[Data]

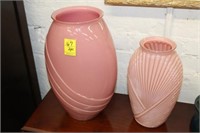 2pc Pink Glass Vases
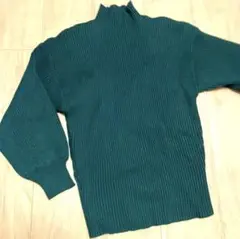 レディースSPRAY P グリーン リブ編みセーター　M相当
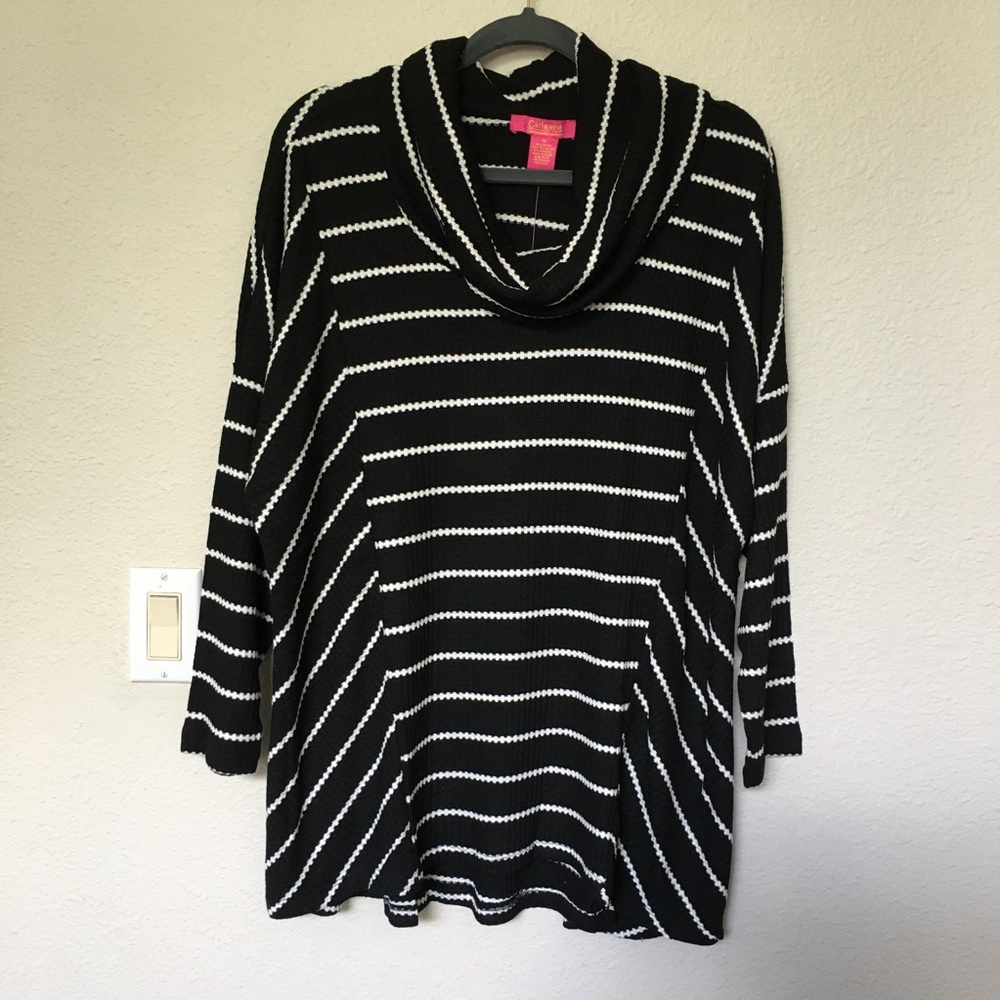 Catherine Malandrino Waffle Knit Cowl Neck Sweater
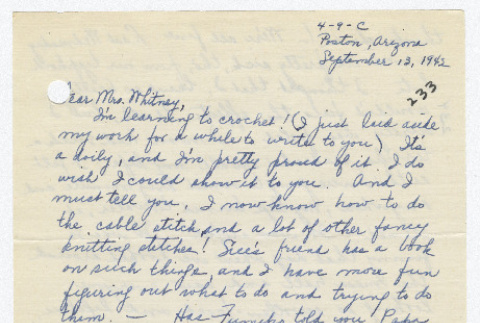 [ Letter to Mrs. Whitney from Louise Fukuda | September 13, 1942 ] (ddr-janm-22-56)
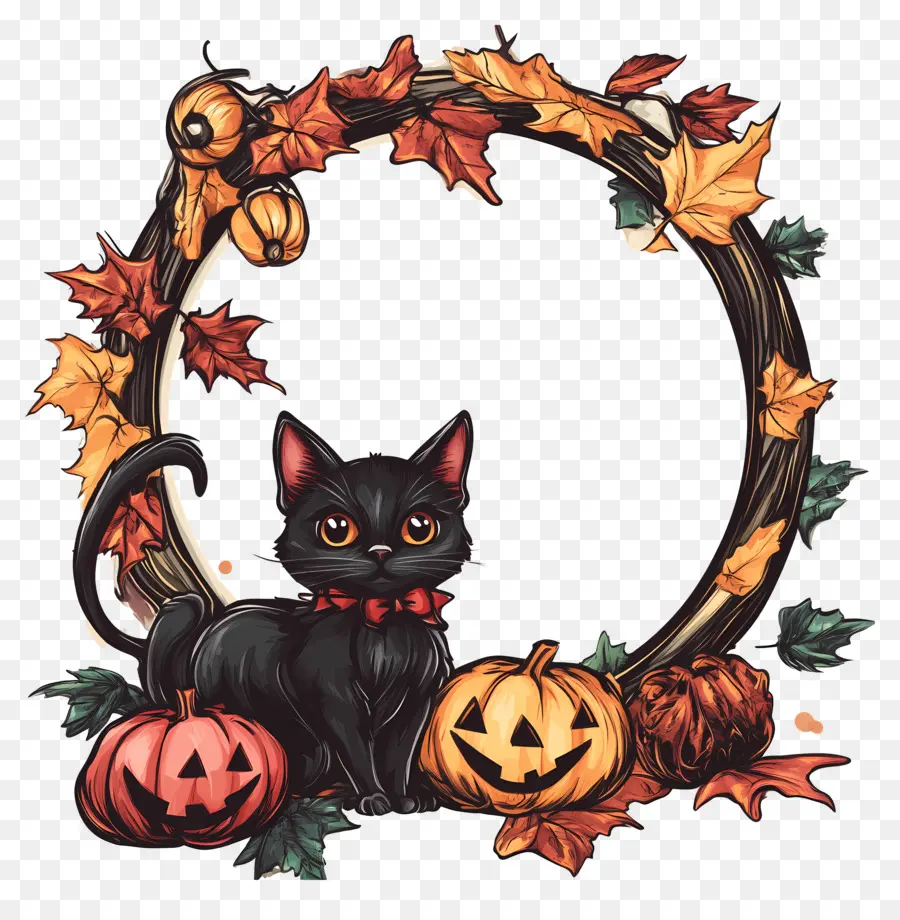 Marco De Halloween，Gato Negro Y Calabaza PNG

[/Data]

Set down exactly, with no additions, each line from the line that includes "レディースSPRAY P グリーン リブ編みセーター　M相当" to the final line of the entries above; leave pictures out.

 レディースSPRAY P グリーン リブ編みセーター　M相当
 Catherine Malandrino Waffle Knit Cowl Neck Sweater
 [ Letter to Mrs. Whitney from Louise Fukuda | September 13, 1942 ] (ddr-janm-22-56)
 Marco De Halloween，Gato Negro Y Calabaza PNG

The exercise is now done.